Yesterday, I talked about the first two R words in the baptismal covenant: renounce and reject. For someone like me, who is called to written word as a deacon in the United Methodist Church, the first two R’s are really easy. I see injustice, and I tell people about it. Sometimes loudly. What’s not easy is renouncing and rejecting evil in the world without giving in to the anger and hate that so easily entangles when I feel passionately about something. It’s also really tough to take a stance on anything without offending someone.
The latter, I can handle. I know that speaking out against evil has always been an unpopular task, and if I aim to please everyone on earth, I’m complicit in my silence. But what I cannot be okay with, is hurting someone because of my tone and how I engage in conversation.
I remember posting a status on Facebook lamenting police brutality against people of color, and it was like the sky fell, man. I was accused of perpetuating violent crime against police by fueling the fire. People I haven’t spoken with face to face in years decided now was the time to re-engage in my life. The conversation devolved into yelling points taken verbatim from some of the most conservative and liberal media out there. I tried to moderate the conversation and steer it back on track (I’m all for healthy debate on policy, but I will not debate the inherent dignity of human beings), but it ended up with a real-life #thanksobama comment and something like, “you young people just don’t know what it was like during the Civil Rights Movement, so move along.”
My final comment before I deleted the entire thread went something like this: “Aaaaaalllrrighty then. Two thumbs down for how this went. I will not back down from my stance, and I’m happy to debate policy with anyone via private message. What I will not tolerate is people I know and love accusing others, belittling others, and refusing to actually discuss. Byyyyee.”
Here’s an interesting detail: Every person that engaged in that discussion claims to be a Christian. Every. Single. Person.
I could feel my heart rate increase and my face flush. My stomach felt a little sour, but I felt really good about throwing out some statistics that proved my point. And it was all in the name of justice.
But there was no mercy.
For me, it’s really easy to renounce. It’s also very easy for me to reject, and here’s why: because I’m really good at seeing what’s wrong in everyone else.

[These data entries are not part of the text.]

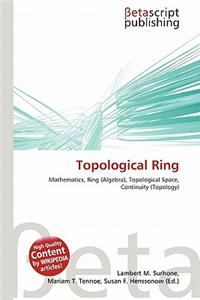 Topological Ring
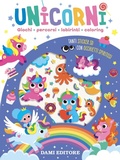 Cover: Unicorni. Giochi, percorsi, labirinti, coloring. Con adesivi - Occhietti spiritosi;Dami Editore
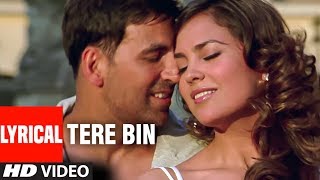 Tere Bin  Lyrical Video Song  Bhagam Bhag  Kunal Ganjawala Sunidhi Chauhan  Akshay Kumar [upl. by Marsland]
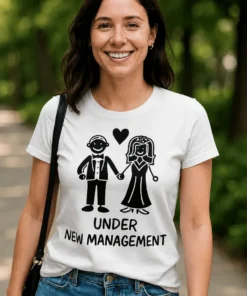 Tricou amuzant Sub conducere nouă cu mesajul 25 UNDER NEW MANAGEMENT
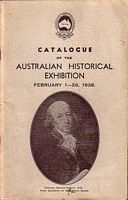 CATALOGUE OF THE AUSTRALIAN HISTORICAL EXHIBITION:  AUSTRALIA'S 150TH ANNIVERSARY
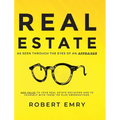 REAL ESTATE as seen through the eyes of an Appraiser - Hardcover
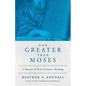 One Greater Than Moses: A History of New Covenant Theology - Paperback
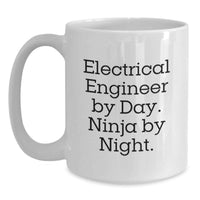 Load image into Gallery viewer, Funny Gifts for Electrical Engineers, White Coffee Mugs, Electrical Engineer By Day. Ninja By Night. Graduation Unique Gifts from Friends - Main
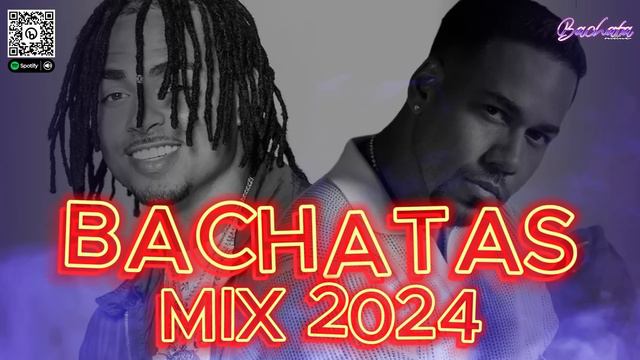 BACHATA 2024 🌴 BACHATA MIX 2024 🌴 MIX DE BACHATA 2024 - The Most Recent Bachata Mixes. смотреть онлайн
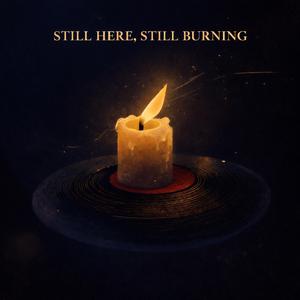Still Here, Still Burning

But I have to admit that I’ve got blind spots when it comes to myself. I can’t observe my thoughts and actions objectively; I like to give myself the benefit of the doubt while holding others to an especially high standard.
So while I may have been accurate with my statistics, and while I may have been right in my assessment of police brutality, I still wasn’t righteous. I was angry – and yes, there are times for holy anger – but I had become bitter, assuming the worst of my conversation partners.
I so easily renounced and rejected them. But what about me?
The way to peaceful conversation is assuming the best in everyone. Staying humble. Being open to opposing views, and remembering truth – real facts, but also the truth that all people (even the ones who believe alternate facts) are created in the image of God, and no one is too far gone.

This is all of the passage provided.